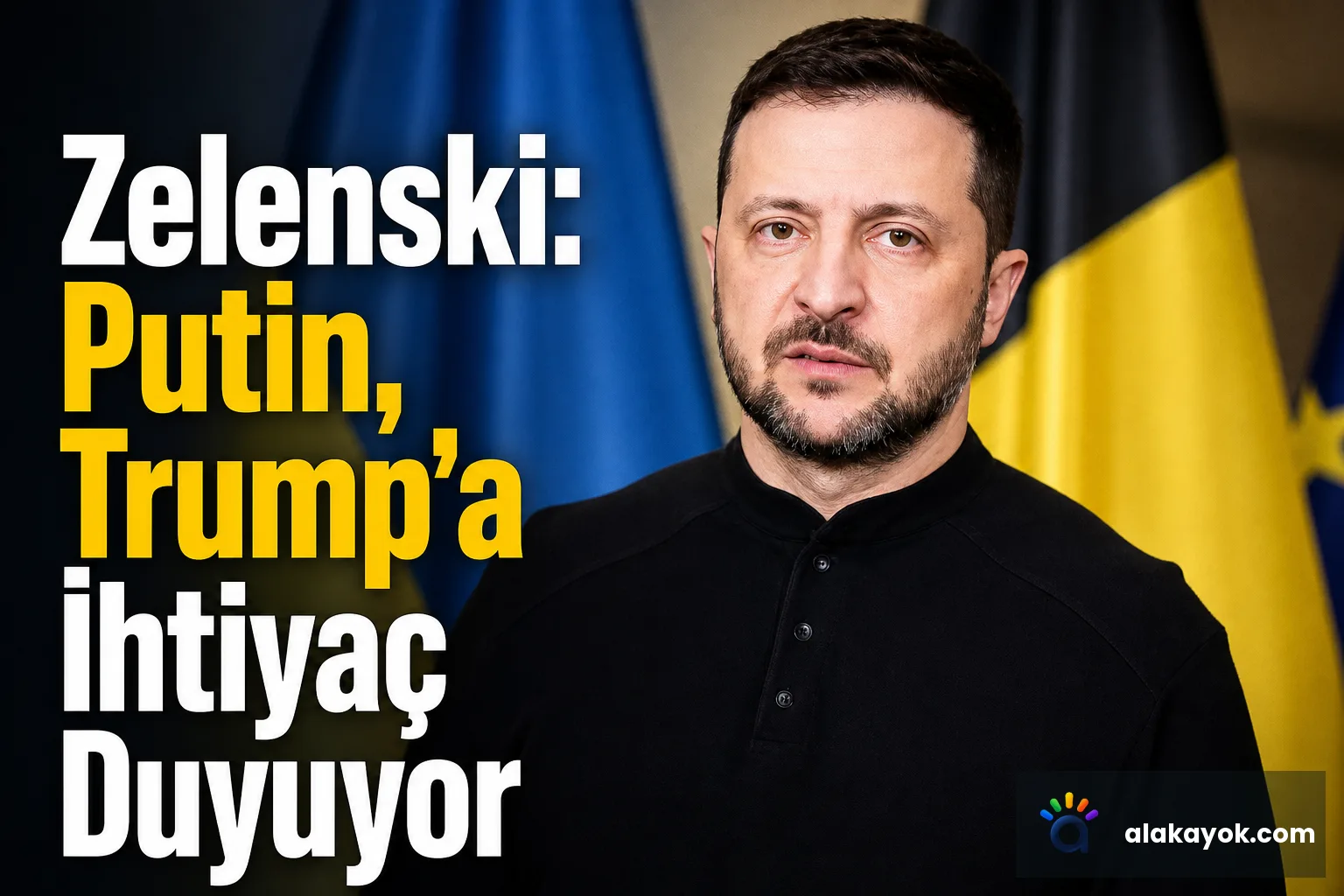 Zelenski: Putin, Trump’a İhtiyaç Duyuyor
════════════════════
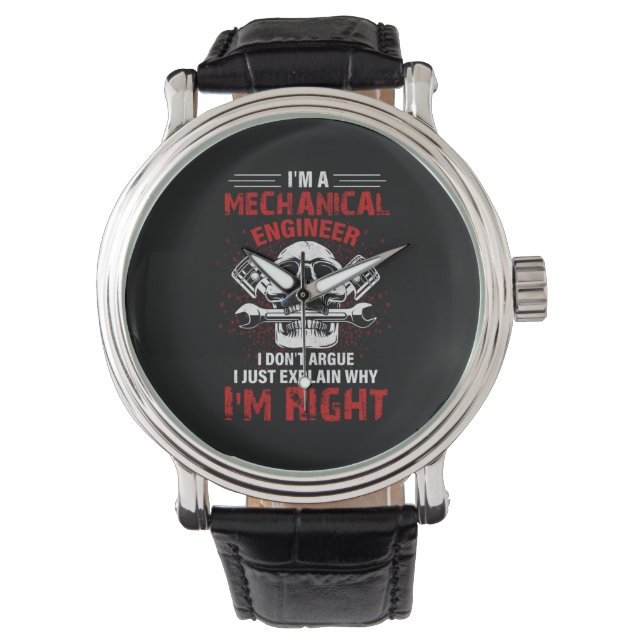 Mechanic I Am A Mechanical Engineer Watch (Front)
════════════════════
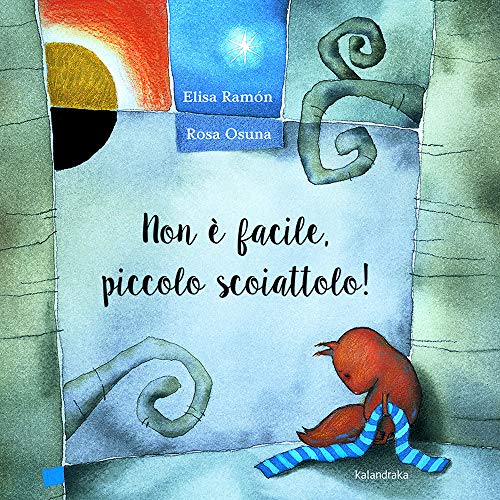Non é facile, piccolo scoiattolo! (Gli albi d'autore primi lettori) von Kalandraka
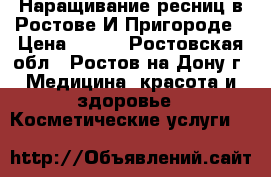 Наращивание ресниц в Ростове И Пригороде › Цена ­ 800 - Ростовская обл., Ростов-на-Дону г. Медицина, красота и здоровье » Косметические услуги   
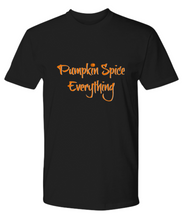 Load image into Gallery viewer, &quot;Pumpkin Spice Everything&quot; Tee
════════════════════
▶ _Problem statement_: The answer is the lines of the material above, from the one containing "Non é facile, piccolo" down to the one containing "Load image into", given exactly and without images.

▶ _Task output_:
Non é facile, piccolo scoiattolo! (Gli albi d'autore primi lettori) von Kalandraka
 Наращивание ресниц в Ростове И Пригороде › Цена ­ 800 - Ростовская обл., Ростов-на-Дону г. Медицина, красота и здоровье » Косметические услуги   
 Load image into Gallery viewer, &quot;Pumpkin Spice Everything&quot; Tee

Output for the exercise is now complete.